By the time Sergei Saratovsky (26, Russia/Canada, Yamaha) took to the stage, his piano was already several microtones out of tune. His reading of Liszt’s Transcendental Etude No.10 was choppy, but had enough agitato to keep one satisfied. The much-needed contrasts came in two Chopin Nocturnes, the first in F major (Op.15 No.1) which truly sang, and the second in B major (Op.9 No.3) carrying a yearning love message. It was gloves off in Rodion Shchedrin’s Basso Ostinato, a white-knuckled bruiser and favourite secret weapon that Russians use to overawe overseas audiences and juries. Judging by the applause, it worked.

Ryan MacEvoy McCullough (21, USA, Steinway) with his 60s Beatles mullet brought nobility to the Prelude and Fugue in C major (WTC II) and a wonderfully articulated fugue, played very fast but without letting up for a second. His Debussy Estampes was splendid for two thirds of the time (Pagodes and Jardins sous la pluie were very evocative) but La soirees dans Grenade got lost in the sultry night sky. No problems though in Chopin’s final Etude in C minor (Op.25 No.12), where arpeggios in both hands amply portrayed the roar of the ocean.

To say the Chun Chieh Yen (24, Taiwan, Yamaha) was my least favourite pianist would be an understatement. His Mozart Sonata in B flat major (K.281) was treated like some toccata to conquer, with neither heart nor warmth. All that scampering around was to have little purpose except to show off a brittle and unpleasant sound. That selfsame scampering was however put to superb use in Rachmaninov’s “Little Red Riding Hood” Etude-tableau in A minor (Op.39 No.3) where Big Bad Wolf was aptly portrayed lying in wait. Yen’s Scriabin Fantasy in B minor (Op.28), which displayed some admirable sonic qualities, could have came through magnificently had he not trod on wolf poo and gotten himself stuck in a holding pattern.
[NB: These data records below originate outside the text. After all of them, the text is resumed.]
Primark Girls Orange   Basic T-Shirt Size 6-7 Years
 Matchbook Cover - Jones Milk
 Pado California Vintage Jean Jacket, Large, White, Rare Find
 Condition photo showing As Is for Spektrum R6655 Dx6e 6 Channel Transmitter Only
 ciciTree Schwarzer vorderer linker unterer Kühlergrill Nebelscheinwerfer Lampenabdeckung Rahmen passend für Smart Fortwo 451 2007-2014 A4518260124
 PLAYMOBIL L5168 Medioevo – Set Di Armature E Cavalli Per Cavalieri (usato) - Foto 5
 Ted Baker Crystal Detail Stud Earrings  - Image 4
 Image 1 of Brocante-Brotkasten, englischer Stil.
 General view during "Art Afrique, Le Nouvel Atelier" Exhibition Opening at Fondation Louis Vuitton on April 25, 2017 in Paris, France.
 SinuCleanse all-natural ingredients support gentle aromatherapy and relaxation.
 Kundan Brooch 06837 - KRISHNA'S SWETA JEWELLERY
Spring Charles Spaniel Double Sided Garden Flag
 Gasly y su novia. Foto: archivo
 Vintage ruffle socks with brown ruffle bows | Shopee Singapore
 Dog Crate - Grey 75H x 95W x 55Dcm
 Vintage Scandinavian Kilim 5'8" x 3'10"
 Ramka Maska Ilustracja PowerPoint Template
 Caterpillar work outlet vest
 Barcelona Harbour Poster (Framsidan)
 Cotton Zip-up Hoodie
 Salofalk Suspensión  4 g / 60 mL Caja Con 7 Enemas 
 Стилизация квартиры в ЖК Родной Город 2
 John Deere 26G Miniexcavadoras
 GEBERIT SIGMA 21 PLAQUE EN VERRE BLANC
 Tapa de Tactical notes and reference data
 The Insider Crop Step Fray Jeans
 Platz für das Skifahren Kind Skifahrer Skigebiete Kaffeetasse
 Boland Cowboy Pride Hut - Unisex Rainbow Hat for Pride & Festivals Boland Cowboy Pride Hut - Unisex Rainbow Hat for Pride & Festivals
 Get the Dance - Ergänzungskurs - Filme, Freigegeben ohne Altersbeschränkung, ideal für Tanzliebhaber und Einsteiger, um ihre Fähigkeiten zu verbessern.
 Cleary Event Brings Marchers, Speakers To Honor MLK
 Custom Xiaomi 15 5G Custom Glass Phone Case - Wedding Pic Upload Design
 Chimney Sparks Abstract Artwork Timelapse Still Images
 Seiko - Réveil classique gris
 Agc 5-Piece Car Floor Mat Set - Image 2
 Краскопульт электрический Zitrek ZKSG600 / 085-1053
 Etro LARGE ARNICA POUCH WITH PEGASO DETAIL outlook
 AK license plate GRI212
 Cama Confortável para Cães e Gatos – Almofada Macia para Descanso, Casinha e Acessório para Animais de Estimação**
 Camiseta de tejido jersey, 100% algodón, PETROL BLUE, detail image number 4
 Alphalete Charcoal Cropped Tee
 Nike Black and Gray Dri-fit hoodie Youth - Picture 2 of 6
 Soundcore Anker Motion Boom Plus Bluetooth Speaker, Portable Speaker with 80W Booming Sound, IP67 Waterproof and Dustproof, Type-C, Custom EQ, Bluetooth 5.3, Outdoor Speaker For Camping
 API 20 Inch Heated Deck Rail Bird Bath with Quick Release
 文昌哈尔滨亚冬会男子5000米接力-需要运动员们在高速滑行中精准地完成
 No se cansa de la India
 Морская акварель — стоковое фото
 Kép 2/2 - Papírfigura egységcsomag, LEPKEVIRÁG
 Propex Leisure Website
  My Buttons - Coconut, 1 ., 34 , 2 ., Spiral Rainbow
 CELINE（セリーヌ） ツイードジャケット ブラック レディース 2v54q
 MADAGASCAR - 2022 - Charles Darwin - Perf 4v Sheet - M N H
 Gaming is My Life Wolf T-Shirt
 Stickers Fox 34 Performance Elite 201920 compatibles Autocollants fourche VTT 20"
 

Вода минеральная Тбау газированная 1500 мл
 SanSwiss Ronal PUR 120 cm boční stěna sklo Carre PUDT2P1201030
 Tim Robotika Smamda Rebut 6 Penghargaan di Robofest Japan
Eric Zuber (23, USA, Yamaha) used the sustaining pedal liberally throughout his recital, which gave a “wet” feel to all he touched. It worked well in the Rachmaninov Etude-tableau in E flat minor (Op.39 No.9), but variably in two very familiar Scarlatti sonatas. His Chopin Andante Spianato was suitably dreamy, like a nocturne, but I would have preferred a more crisp sound in the ensuing Grande Polonaise Brilliante His grandstand finish was – pardon the pun – exzuberant to say the least.

Yekwon Sunwoo (19, Korea, Yamaha) strikes one as a very reliable and diligent student of the piano. Like Takashi Sato before him, his delivery is polished to a fine sheen and lacks nothing in the technical department. His Schumann Abegg Variations (Op.1) had a timid opening but to his credit never lost sight of the song-like theme through the myriad machinations in the right hand. His Ravel La Valse was no less accomplished, and one did not for a moment feel a sense of risk or danger. Yes, he was that secure, and so was his Chopin Etude (Op.10 No.1) played for the – thanks be to God – the penultimate time.

Finally, Xun Wang (28, China, Kawai) gave the shortest recital of the opening stage, running under 15 of the specified 20 minutes. With the only Mendelssohn on offer, his two Songs Without Words felt like manna from heaven. His Chopin Etude (yes, that same one) was close to perfection and the rollicking Rachmaninov Prelude in G minor (Op.23 No.5), while not note-perfect, had enough character and gusto to carry him through.

For the next edition of SIPCA 2012, I would like to suggest a compulsory Chopin-Godowsky Etude to be performed in Stage I. Unhyphenated Chopin is just child’s play for these kids, and there are 53 (as opposed to 27) to pick from.